Peppelini aims never to have sales. We will produce clothes in our tempo and make sure we have zero waste. We also want to buy back all the clothes from our customers. When designing our clothes, we have in mind that at least four children should be able to wear the clothes before we need to recycle them.
Each organization and company involved in every step of the production process must live up to our expectations. Meaning they too must be totally transparent and carefully investigate their supply chains. The goal naturally is to get more companies and more people involved and take action. The fashion industry has to change, and it has to change now.
We are looking for people who feel as strongly as we do about changing the status quo. We believe there is a market for high-quality, sustainably made children's clothing.

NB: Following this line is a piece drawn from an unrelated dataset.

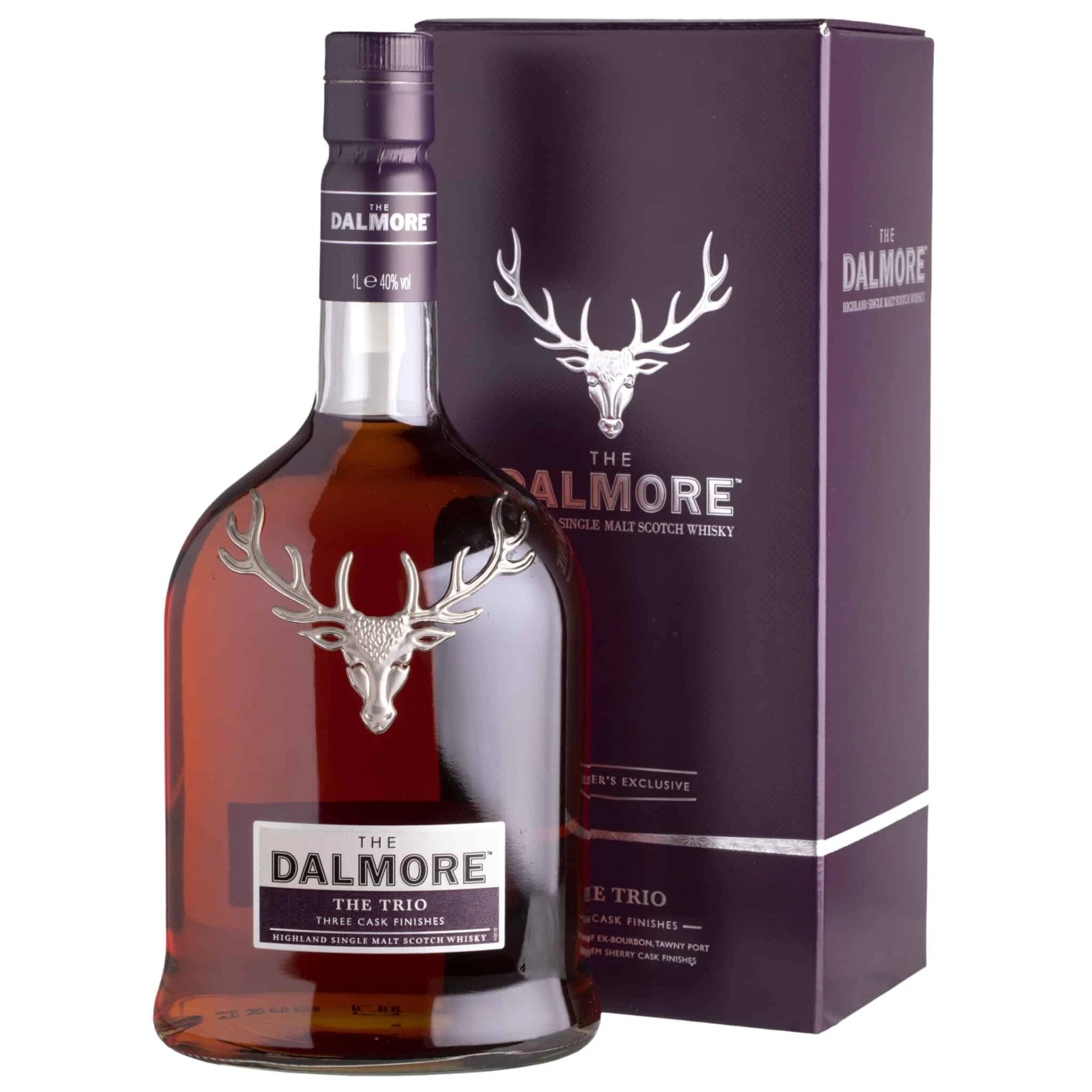 Whisky Dalmore Trio Three Cask Finishes 1L 40%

More parents like us must want their children to own clothes made to last, with a cool and fun design.
After a long intensive search for the right factory, we finally found a manufacturer we know is doing its best to produce clothes using fewer chemicals, use renewable energy, think circularly, and eliminate waste the best it can.
Our first step was to define sustainability for the company and our workers. What vision and goals are we working towards? Becoming more circular is one goal. To have every single worker live a better life (in every part of the production).
Moving away from cotton was a no-brainer. Most companies buy their cotton from factories without really knowing the development process, where it comes from, the conditions of the farmers, and its TRUE environmental effect on the planet. There is no fundamental understanding of the social and environmental impact. An accurate and transparent investigation must take place. Otherwise, the risk of falling victim to greenwashing is high.
Almost all companies are talking about sustainability. Unfortunately, most of it is greenwashing; companies are doing the bare minimum to receive certifications.
If an Oeke or GOTS cotton certification is handed to a product, what does that mean? Is that certification enough for us customers to justify the product as sustainable? What does sustainable even mean?
Don't we have to take the company behind the product into consideration?
After consulting with many sustainability experts, we chose to go with Lyocell. Not only is Lyocell the most sustainable material out there, but it's also durable and incredibly soft and comfortable.
A big part of the design is durability. No more wear and tear; throw the clothes out after only one child gets to wear the item. Peppelini garments are made with love, and we demand our customers to treat them with the respect they deserve.
Our daughter Pepp's favorite clothes are Lyocell clothes made in Utenos! We know the quality is super high. After many, many washes, those clothes are still as good as new.
We also wanted to find the most environmentally friendly transportation method and boxes to ship the clothes in.